Minimum System Load (MSL) occurs when operational demand, underlying demand minus distributed energy generation, drops so low that system security is at risk. Mild weather, strong rooftop PV output, and low daytime consumption drive these events. During these times, there may not be enough synchronous generation online to provide essential services like inertia, frequency or voltage control. AEMO has to step in with out-of-market interventions to keep the grid stable and prevent the system from becoming vulnerable to disturbances or outages.
AEMO manages three Minimum System Load levels
When operational demand approaches minimum system-load levels, AEMO use targeted measures to keep voltage, frequency, and system strength within safe limits. The specific actions vary by region, weather conditions, rooftop solar output, and how much flexible load is available at the time.
Each MSL level corresponds to a forecasted demand threshold that AEMO calculates for each region, based on how low demand can safely fall before system security is at risk.
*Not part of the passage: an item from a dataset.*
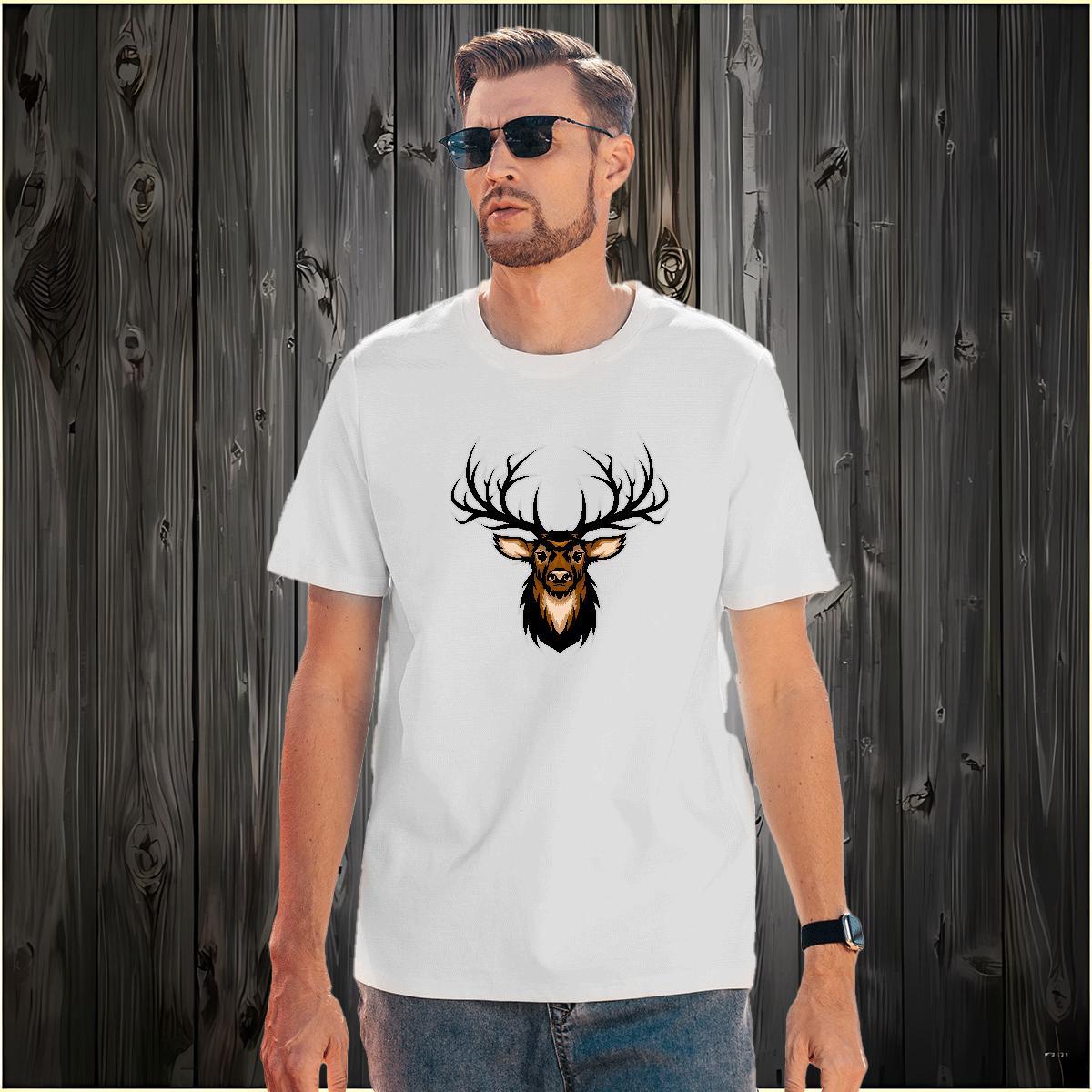 Free Shipping Mens T Shirts deer Breathable Short Sleeve Hip Hop Street Plus Size Custom 230g Cotton Tshirts Factory Direct Tops Tees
These thresholds give AEMO a structured way to decide when to intervene as demand drops and the grid becomes harder to stabilise.
High rooftop solar and limited interconnection put South Australia at greatest risk
South Australia is the most exposed region to MSL because its underlying demand is small relative to its generation mix.
South Australia also has few synchronous generators and relies heavily on two interconnectors to the eastern states for system support. When either link is constrained, South Australia has reduced synchronous support which increases the likelihood of minimum system load conditions.
Since the start of 2025, South Australia has recorded 112 hours of negative operational demand. This occurs when local generation exceeds underlying demand, forcing scheduled units offline and limiting the number of thermal generators that normally provide essential system services.
These conditions occur most often in spring, when mild temperatures suppress demand.
Batteries are losing revenue under today’s minimum system load interventions
When operational demand falls below Minimum System Load thresholds, AEMO must take out-of-market actions to maintain system security. This often involves directing an asset to follow a specific dispatch trajectory, preventing it from operating economically. When there is a large price difference between the instructed profile and economic dispatch, the revenue impact can be significant.
On 11, 12, and 15 November 2025, AEMO directed Torrens Island to follow dispatch targets for Minimum System Load management. This is the first time this had happened for a battery.
By preventing charging from 7:30 am–3:00 pm on 11 November and 7:00 am–2:30 pm on 12 November, Torrens Island missed the cheapest 1-hour charging windows on both days. This resulted in $5,354 and $3,876 in lost revenue respectively.
Under the National Electricity Rules, Torrens Island may eligible for compensation when its dispatch is altered through out-of-market intervention. The formula for compensation is:
Compensation = Benchmark price × Direct quantity
Where:
- Benchmark price = the 90th-percentile price over the past 12 months for that region
- Direct quantity = the difference in the unit’s energy (MWh) with the direction versus without it over the trading intervals
For these events, the formula suggests that Torrens Island could be receive up to $37,895 and $28,091. This is far higher than the actual financial losses incurred. However, compensation is not guaranteed, the way compensation is assessed can be hard to predict.
How will this change in the future?
The current compensation framework was designed for traditional generators, and can be difficult to apply to storage. It pays based a benchmark price rather than spot prices which produce outcomes that don’t always reflect their financial loss. In November, the formula may have delivered a much larger payment than its trading loss.
Both AEMO and the AEMC have highlighted areas where further clarity would help as storage becomes more prevalent.
Current discussions focus on:
- better recognising price-driven impacts for storage,
- improving counterfactual modelling for bi-directional units, and
- making the additional-compensation process more consistent and predictable.
No rule changes have been implemented yet, but reform is widely expected as batteries take on a larger role in system operations.
South Australia’s exposure to minimum system load is also likely to decline over time. As Project EnergyConnect Stage 2 expands interconnection with New South Wales, South Australia will have stronger system support and a reduced risk of islanding. This will likely reduce the frequency of minimum system load events and the associated impact on batteries.